This is very exciting news! I'll have time to respond in the next few days. We're also talking about your contribution on our Discord. https://discord.gg/HQNA9faw We'd love if you joined us!

tkchia commented 1 year ago

Hello @classilla,

I am not familiar with the PowerPC assembly or debugging — but are you able to dump the state of the registers at the crash site?

Incidentally, I noticed that, when I tried running o/test/asm/add.com under o/powerpc64le/blink/blink (with QEMU emulation), I would get a

blink/jit.c:1919:14593 assertion failed: !(disp & 0x03) (0)
     PC 12b8c9012f0c mov %rax,0x30(%rsp) 48 89 44 24 30 48 8d 05

Some further exploration suggests that this was caused by Blink trying to insert a jump from an OomJit() address to some other place.

Thank you!

classilla commented 1 year ago

Yeah, I can reproduce that. I'm trying to find where that's set off (again, is there some other section of the JIT that I've missed?).

Looks like the crash was caused by TOC getting stomped on certain calls. I was hoping to avoid setting r12 to the destination address on every call but this seems unavoidable. It gets further now.

classilla commented 1 year ago

What should OomJit() point to? How did that ever work for aarch64?

tkchia commented 1 year ago

Hello @classilla,

What should OomJit() point to? How did that ever work for aarch64?

See OomJit() in blink/jit.c.

OK, I think I know what is going on. When the AArch64 JITter (e.g.) finds that there is no more space in the JIT buffer,

In such cases it is OK for the JIT location counter to be unaligned, since the code will be discarded anyway. So perhaps instead of

  unassert(!(disp & 0x03));

you could just say

  unassert(!(disp & 0x03) || jb->index > kJitBlockSize);

Thank you!

classilla commented 1 year ago

This is the current checkpoint. It is enough to execute o//blink/blink build/bootstrap/mkdeps.com and many of the tests (in particular cosmo/2/test_suite_md.com and cosmo/2/test_suite_mpi.com are indeed 5-6x faster), but other tests that should pass quickly seem to hang indefinitely. This includes o//blink/blink third_party/cosmo/2/palandprintf_test.com and o//blink/blink third_party/cosmo/2/cos_test.com. Is there something weird about floating point I haven't accounted for?

The code it generates now is pretty good, but for many of the micro ops it seems unnecessary to load r12 since they don't reference the TOC, and it would be nice to eliminate it for those quick load/store/gimme-register functions which get called a lot. Maybe I can come up with a white list. Some of those functions are single instructions and seem ideal for inlining if that ever becomes a thing. About the only thing missing is the inability to fuse overflow checks because we have to go to XER for that, not the regular condition register fields.

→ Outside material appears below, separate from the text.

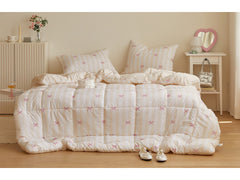 Premium防過敏雲朵被/蝴蝶結-4色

Is there a way to debug calls?

checkpoint-20230602.txt

tkchia commented 1 year ago

Hello @classilla,

Do you mean you want to step into a function that is being called? You can probably use GDB or LLDB's step and/or stepi commands for that (unless I am missing something).

Thank you!

classilla commented 1 year ago

No (I'm well aware of what those do, probably wouldn't have been able to write anything without them ;-). What I want is to instrument what x86 instructions map to what blocks of generated code so I can understand where the infinite loop is coming from. If this isn't easily possible, I may put this aside for awhile again, since I don't have any further way to understand the tests that fail.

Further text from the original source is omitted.